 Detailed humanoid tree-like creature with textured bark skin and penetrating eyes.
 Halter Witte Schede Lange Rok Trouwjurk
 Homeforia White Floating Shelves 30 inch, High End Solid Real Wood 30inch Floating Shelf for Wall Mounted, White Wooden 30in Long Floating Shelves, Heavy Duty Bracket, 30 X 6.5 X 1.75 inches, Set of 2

*-*-*

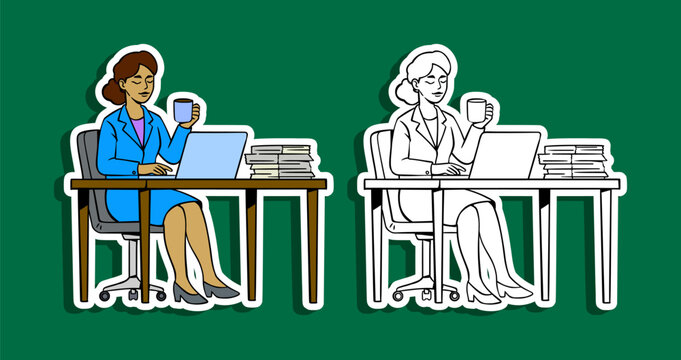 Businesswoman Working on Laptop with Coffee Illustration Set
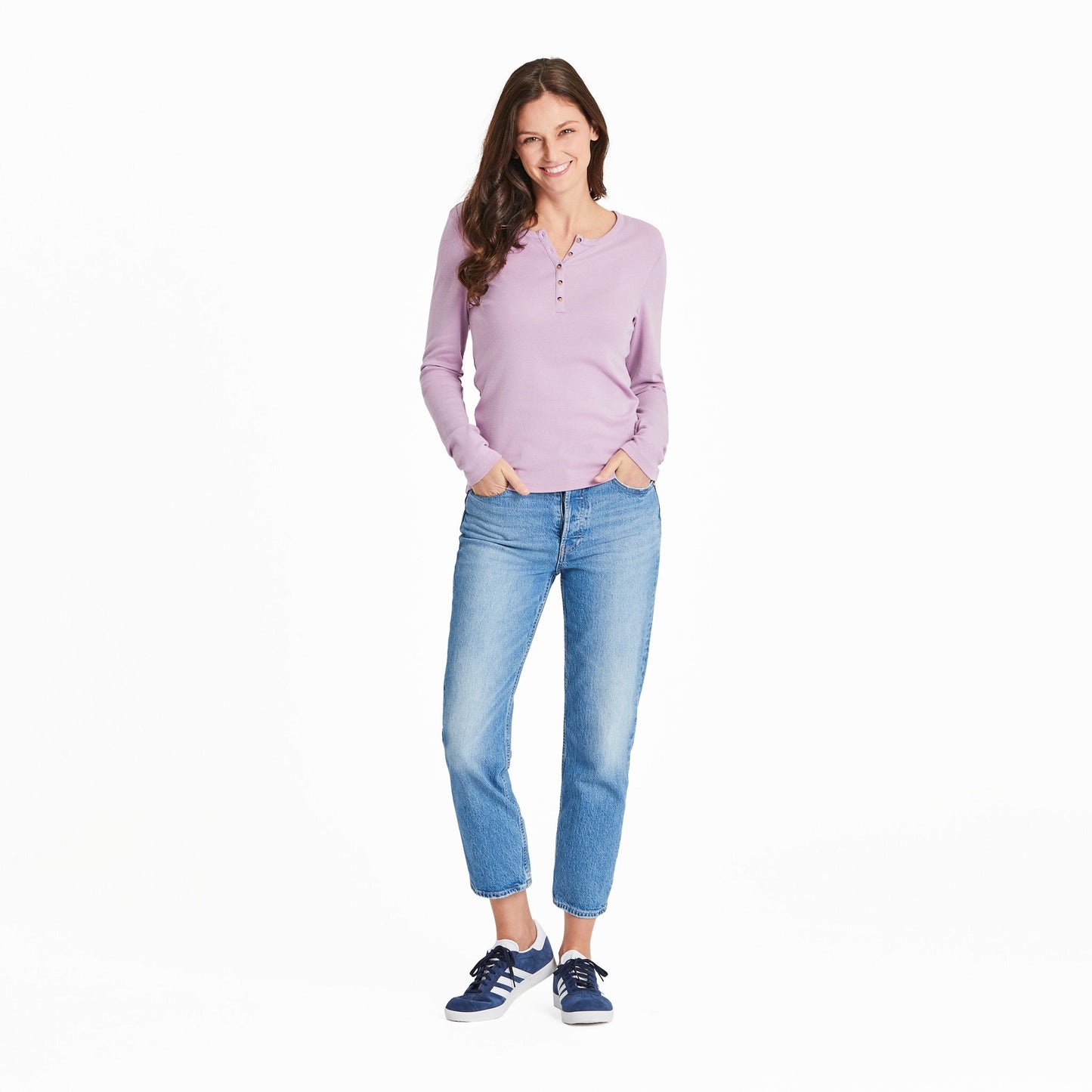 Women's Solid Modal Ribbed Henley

*-*-*

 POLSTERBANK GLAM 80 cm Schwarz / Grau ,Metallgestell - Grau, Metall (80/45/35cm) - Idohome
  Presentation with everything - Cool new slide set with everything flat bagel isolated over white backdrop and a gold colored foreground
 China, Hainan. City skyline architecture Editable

*-*-*

Problem description
Retype the portion of the data above that starts on the line with "Halter Witte Schede Lange Rok Trouwjurk" and finishes on the line with "Homeforia White Floating", including both of those lines.

Result of this task
 Halter Witte Schede Lange Rok Trouwjurk
 Homeforia White Floating Shelves 30 inch, High End Solid Real Wood 30inch Floating Shelf for Wall Mounted, White Wooden 30in Long Floating Shelves, Heavy Duty Bracket, 30 X 6.5 X 1.75 inches, Set of 2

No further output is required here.